In deze zaak gaat het om de afwikkeling van de gemeenschap van goederen tussen twee voormalig echtgenoten, de vrouw en de man, die beiden zowel de Turkse als de Nederlandse nationaliteit hebben. De vrouw is in hoger beroep gekomen van een vonnis van de rechtbank Rotterdam, waarin zij werd veroordeeld om een bedrag van € 9.748,54 aan de man te betalen. De vrouw heeft acht grieven aangevoerd, maar tegen de man is verstek verleend. Het hof heeft de feiten vastgesteld zoals die door de rechtbank zijn vastgesteld en heeft geoordeeld dat de vrouw gehouden is de helft van de rente en aflossing op een kredietschuld te betalen, die tijdens het huwelijk is aangegaan. De vrouw betwistte haar draagplicht en voerde aan dat de man het krediet had gebruikt voor de aankoop van onroerend goed in Turkije, maar het hof oordeelde dat deze stelling niet voldoende was onderbouwd. Het hof heeft het bestreden vonnis gedeeltelijk vernietigd en de vrouw veroordeeld om een bedrag van € 2.784,74 aan de man te betalen, en de man om € 6.107,78 aan de vrouw te betalen. De proceskosten zijn gecompenseerd, zodat iedere partij de eigen kosten draagt.

Uitspraak

GERECHTSHOF DEN HAAG

Afdeling Civiel recht
Zaaknummer : 200.240.779/01
Zaaknummer rechtbank : C/10/516939 / HA ZA 16-1415

arrest van 19 maart 2019

inzake

[de vrouw] ,

wonende te [woonplaats] ,
appellante,
hierna te noemen: de vrouw,
advocaat: mr. S. Kandemir te Dordrecht,
tegen

[de man] ,

wonende te [woonplaats] ,
geïntimeerde,
hierna te noemen: de man,
tegen wie verstek is verleend.

Het geding

Bij exploot van 7 juni 2018 is de vrouw in hoger beroep gekomen van een door de rechtbank Rotterdam tussen partijen gewezen vonnis van 14 maart 2018, hierna: het bestreden vonnis.
Tegen geïntimeerde is verstek verleend.
Bij memorie van grieven heeft de vrouw acht grieven aangevoerd.
Vervolgens heeft de vrouw de stukken overgelegd en arrest gevraagd.

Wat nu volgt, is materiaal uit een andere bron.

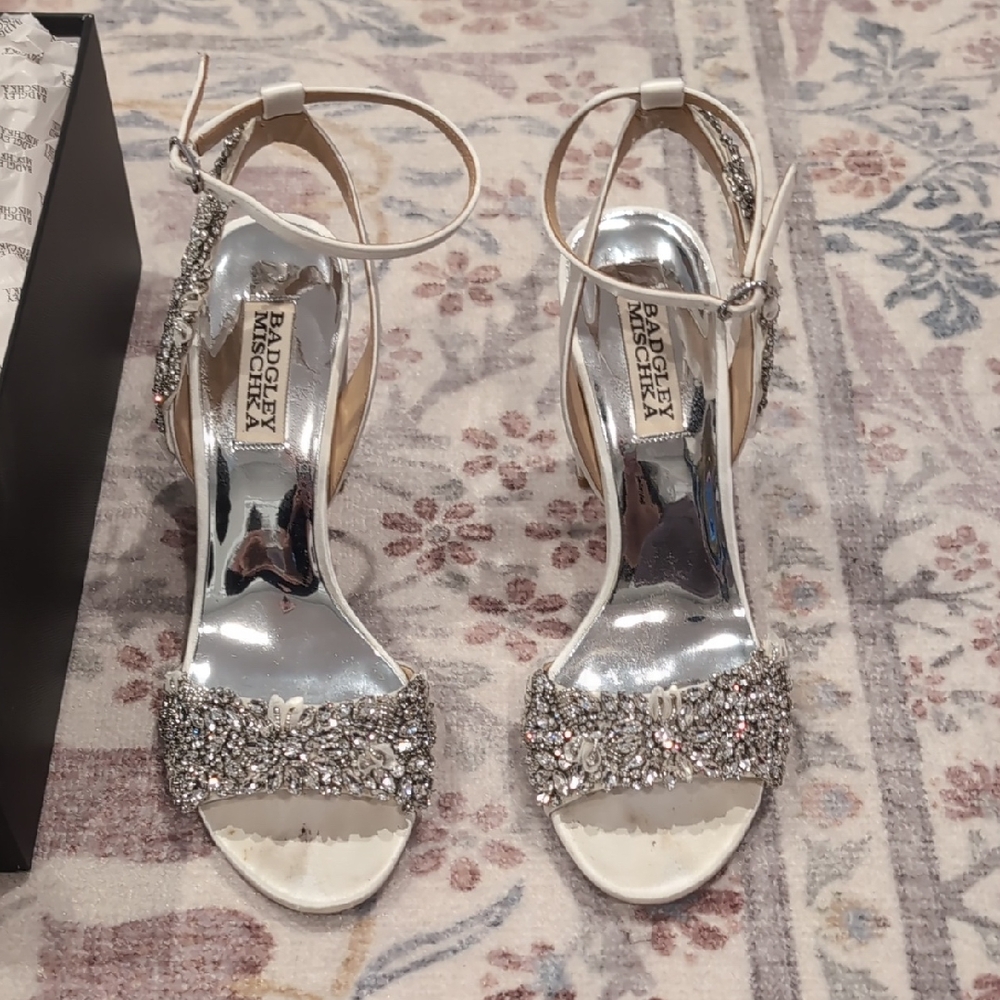 Badgley Mischka White and Silver Crystal Heels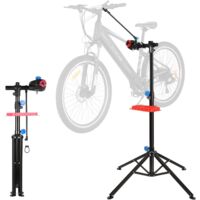 Support de Réparation Vélo, Pied d'Atelier pour Vélo, avec Porte-Outil, Pince de Serrage et Fixation pour Guidon, Hauteur Réglable: 1,15-1,7 m, Rotatif 360°, pour Tous les Types de Vélos Max 50 kg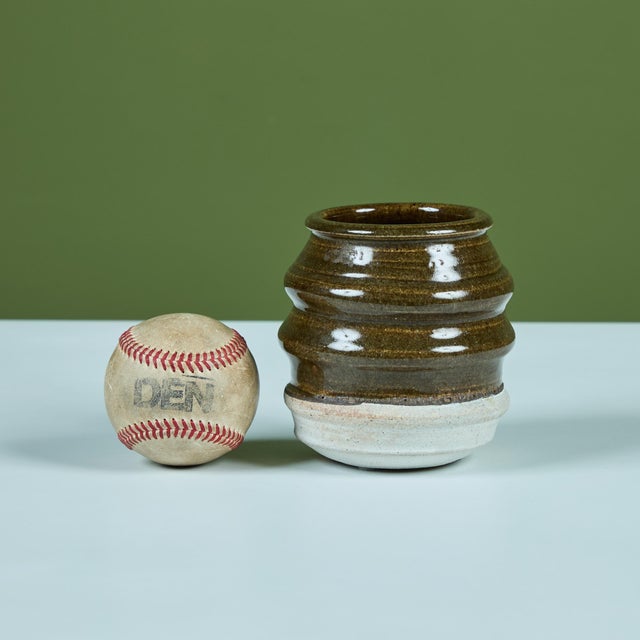 Mid-Century Modern Ribbed Stoneware Vessel with Two-tone Glaze For Sale - Image 3 of 11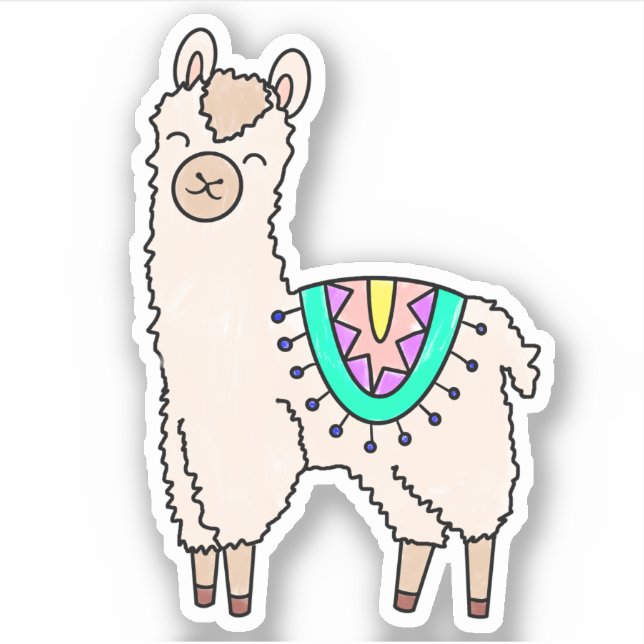 Adesivo desenho animado feliz lama alpaca (Frente)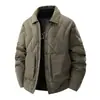 Jaqueta de Penas Masculina Enpu Inverno Nova Tendência Versátil Gola Reversível Roupa de Trabalho Quente Fashionável Tendência Jaqueta Puffer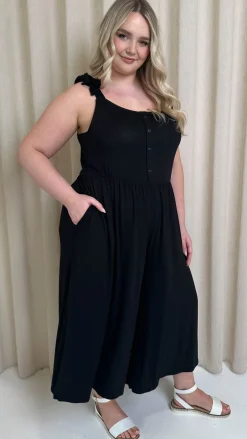 CurveWow Tie Strap Culotte Jumpsuit Black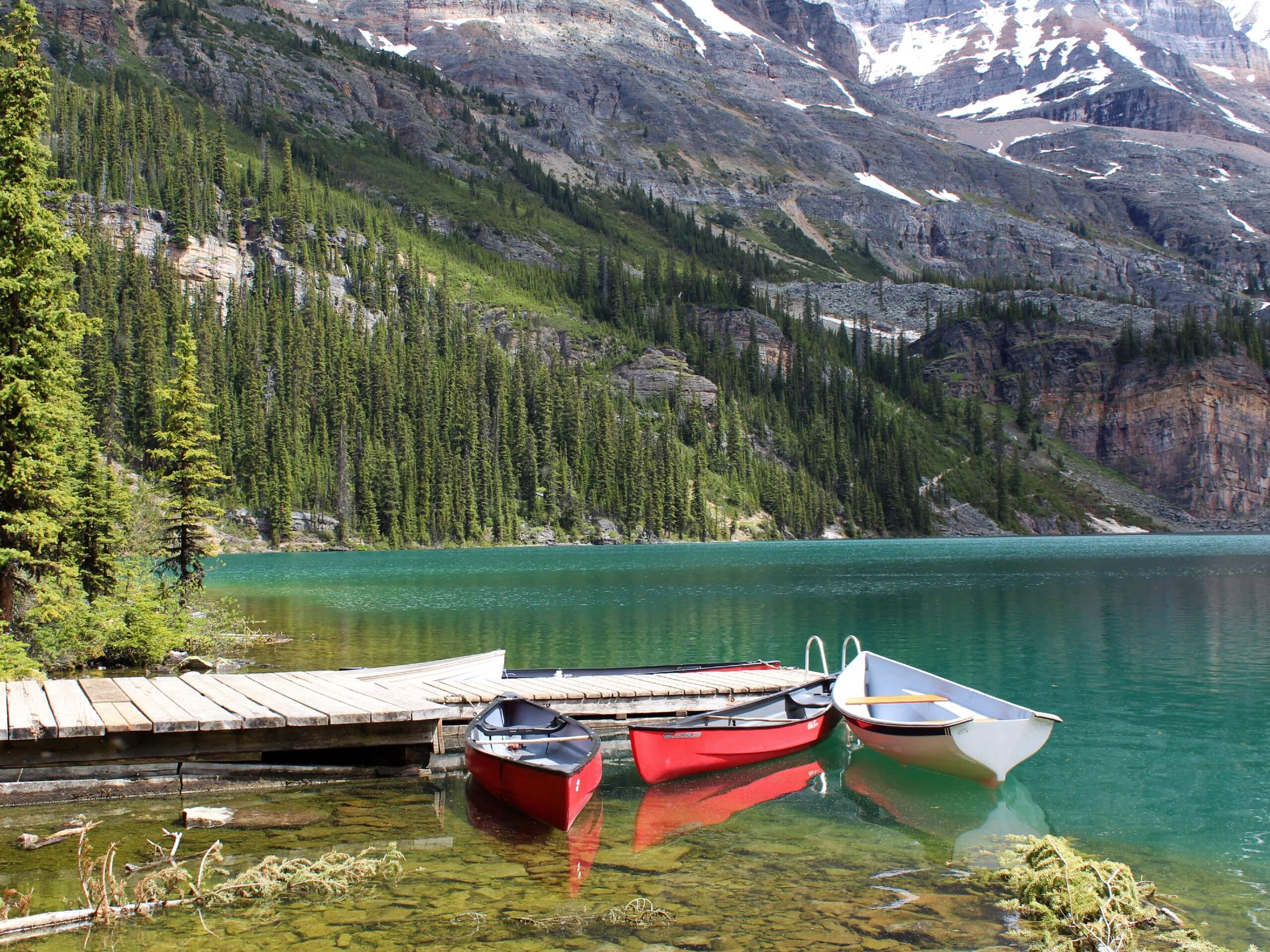 Red boats at Lake O'Hara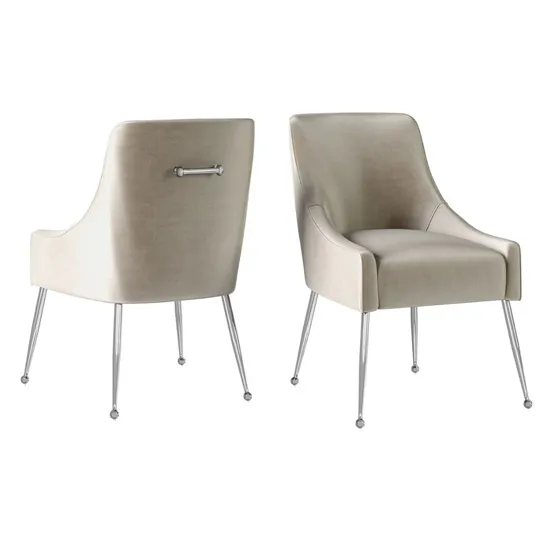 Claudia Mink Velvet Fabric Dining Chairs In Pair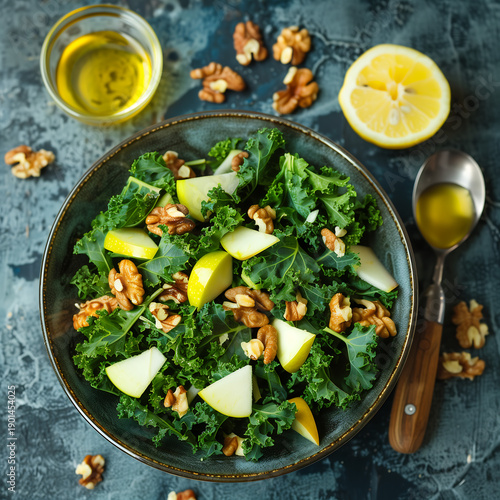Detox salad with kale apple and walnuts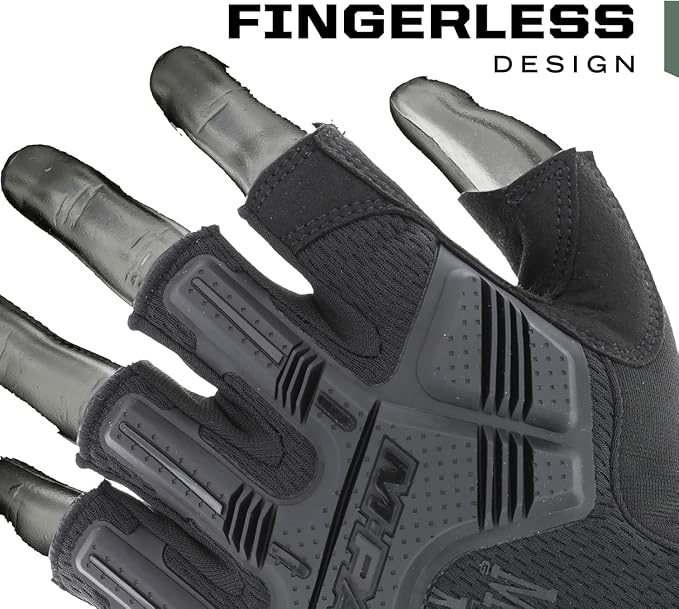 Mechanix Wear M-Pact Fingerless Tactical Gloves Covert Black, Medium | Fingerless Tactical Gloves with Impact Protection, Vibration Absorption & Heavy-Duty Machine Washable Construction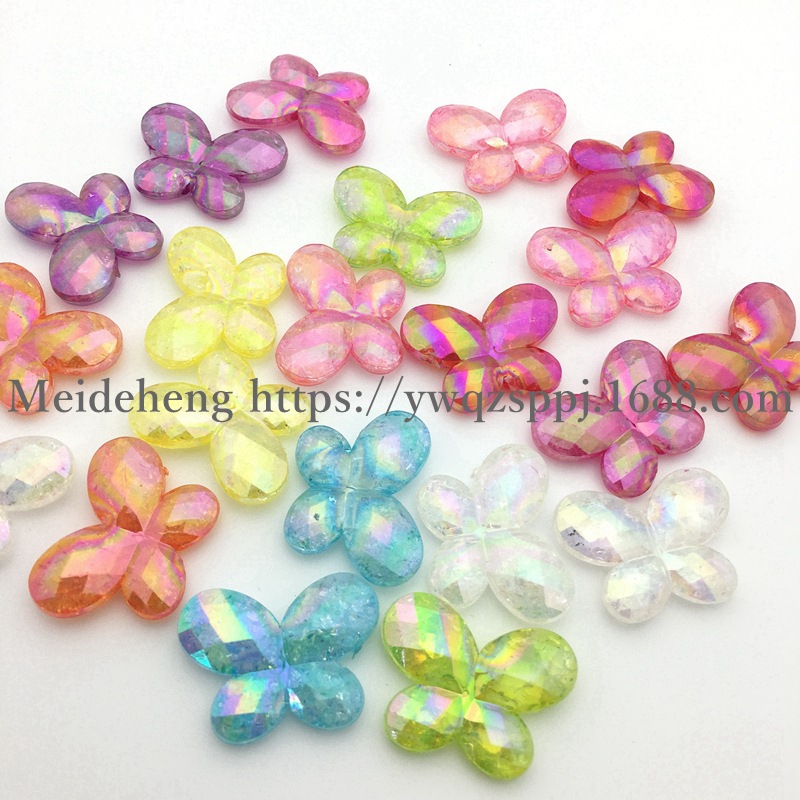 Alibaba hot-selling cracked acrylic straight hole beads diy handcrafted beaded necklace accessories Butterfly style material factory wholesale detail image 4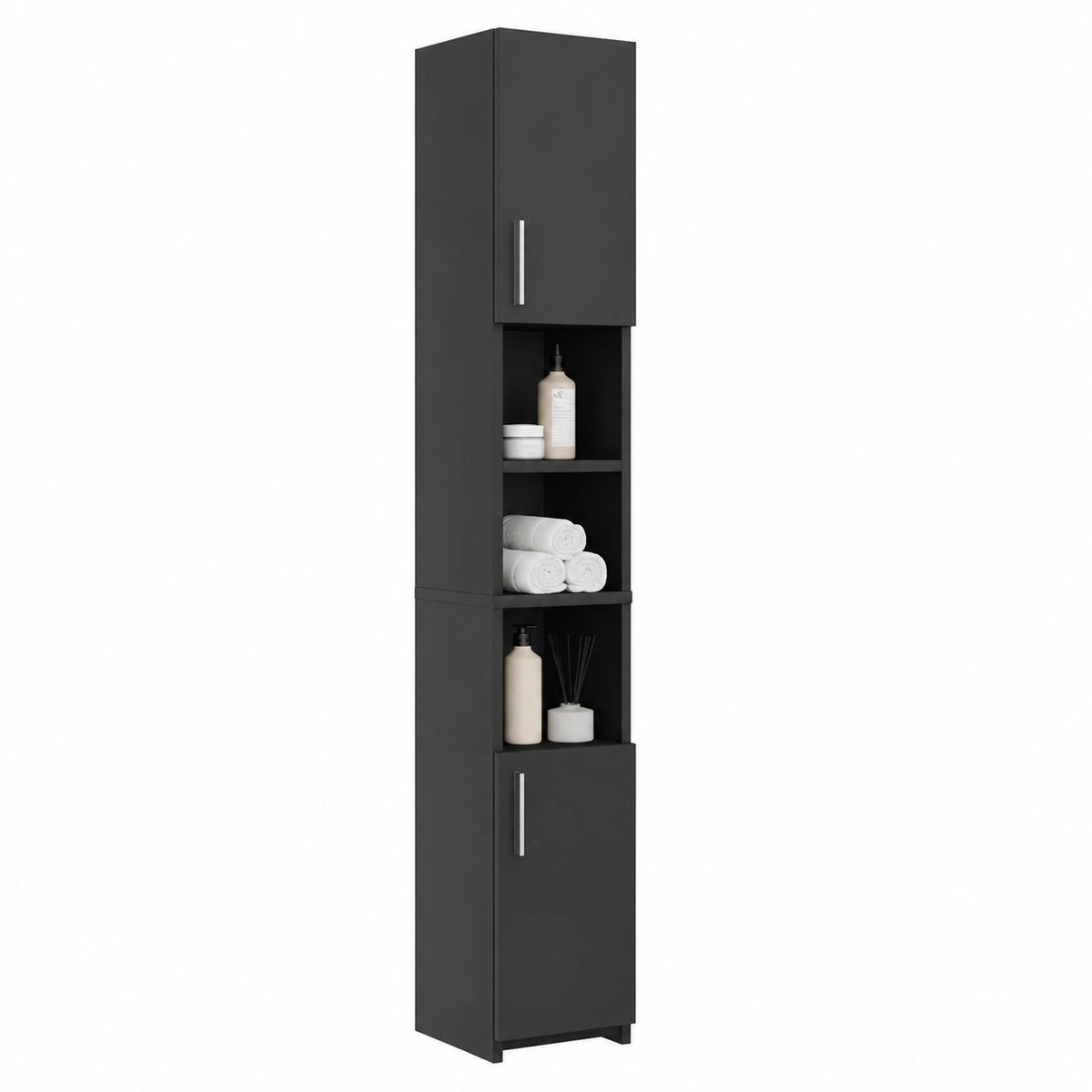 Mobile Bagno Alto, 2 Porte, Nero, organizzatore Indipendente con Vano Contenitore, Colonna Bagno Salvaspazio per Cucina e Soggiorno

Beoordeling van het hoger beroep

Algemeen

1. De door de rechtbank in het bestreden vonnis vastgestelde feiten zijn niet in geschil. Ook het hof zal daarvan uitgaan.
2. Bij voormeld vonnis is de vrouw - uitvoerbaar bij voorraad en na verrekening van de door de rechtbank toegewezen vorderingen van partijen - veroordeeld om aan de man te betalen een bedrag van € 9.748,54. De proceskosten zijn tussen partijen gecompenseerd en het meer of anders gevorderde is afgewezen.
3. De vrouw vordert bij arrest, uitvoerbaar bij voorraad, voor zover de wet zulks toelaat het bestreden vonnis te vernietigen wat betreft de betaling van het bedrag van € 9.748,54 door de vrouw aan de man, en opnieuw rechtdoende de vorderingen van de man alsnog niet-ontvankelijk te verklaren, althans volledig af te wijzen en opnieuw rechtdoende de initiële vorderingen van de vrouw toe te wijzen, met veroordeling van de man in de kosten in beide instanties, de proceskostenveroordelingen eveneens uitvoerbaar bij voorraad.
4. Het hof stelt vast dat het zijdens de vrouw ingediende procesdossier tweemaal naar de advocaat van de vrouw retour is gezonden teneinde hem in de gelegenheid te stellen een compleet procesdossier voorzien van een inventarislijst en tabbladen over te leggen. In het als laatste overgelegde procesdossier ontbreekt een aantal producties uit de eerste aanleg, waarnaar de advocaat van de vrouw in hoger beroep verwijst. Nu de advocaat van de vrouw naar het oordeel van het hof voldoende gelegenheid heeft gehad een compleet procesdossier over te leggen, zal het hof recht doen op het als laatste gefourneerde procesdossier.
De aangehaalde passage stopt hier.